Crawled caption data:
◆ ◆ ◆ ◆ ◆ ◆ ◆
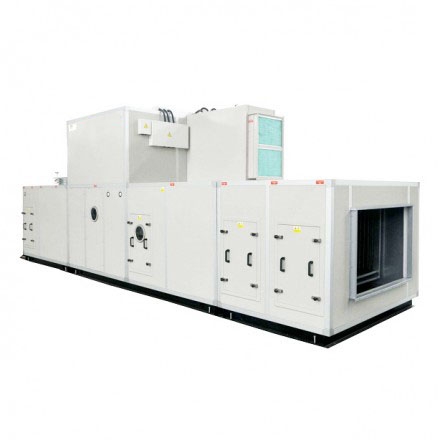 智能紡織加濕器，智能紡織廠加濕裝置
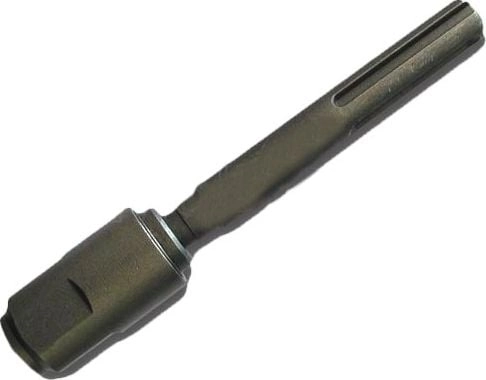 JOBI ADAPTER FROM SDS-MAX TO SDS-PLUS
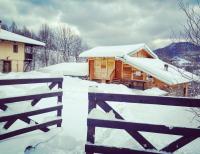 Guest House Kandaferi 2 - B&B Elena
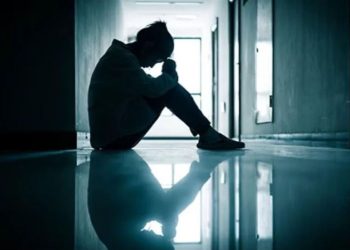 Moradabad Rape Case : मुरादाबाद में नाबालिग लड़की के साथ दरिंदगी, चार हैवानों ने घटना को दिया अंजाम 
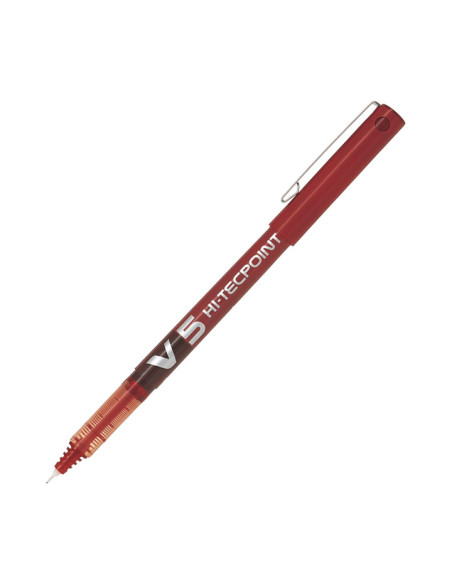 ROLLER PILOT V5 05mm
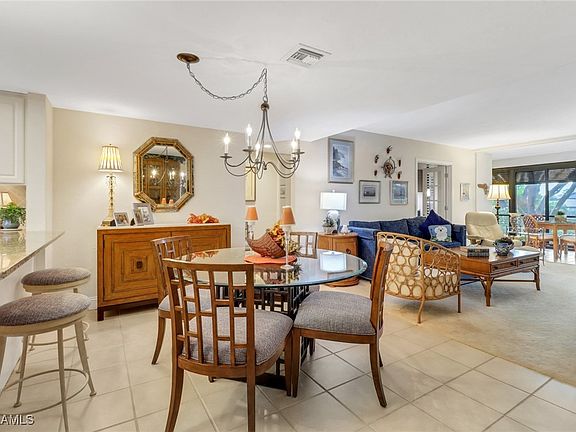 3rd image of 4616 Flagship Dr APT 101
◆ ◆ ◆ ◆ ◆ ◆ ◆
> **Exercise objective**
Once the pictures are set aside, transcribe the remaining lines above exactly.

> **Solution below**
 智能紡織加濕器，智能紡織廠加濕裝置
 JOBI ADAPTER FROM SDS-MAX TO SDS-PLUS
 Guest House Kandaferi 2 - B&B Elena
 Moradabad Rape Case : मुरादाबाद में नाबालिग लड़की के साथ दरिंदगी, चार हैवानों ने घटना को दिया अंजाम 
 ROLLER PILOT V5 05mm
 3rd image of 4616 Flagship Dr APT 101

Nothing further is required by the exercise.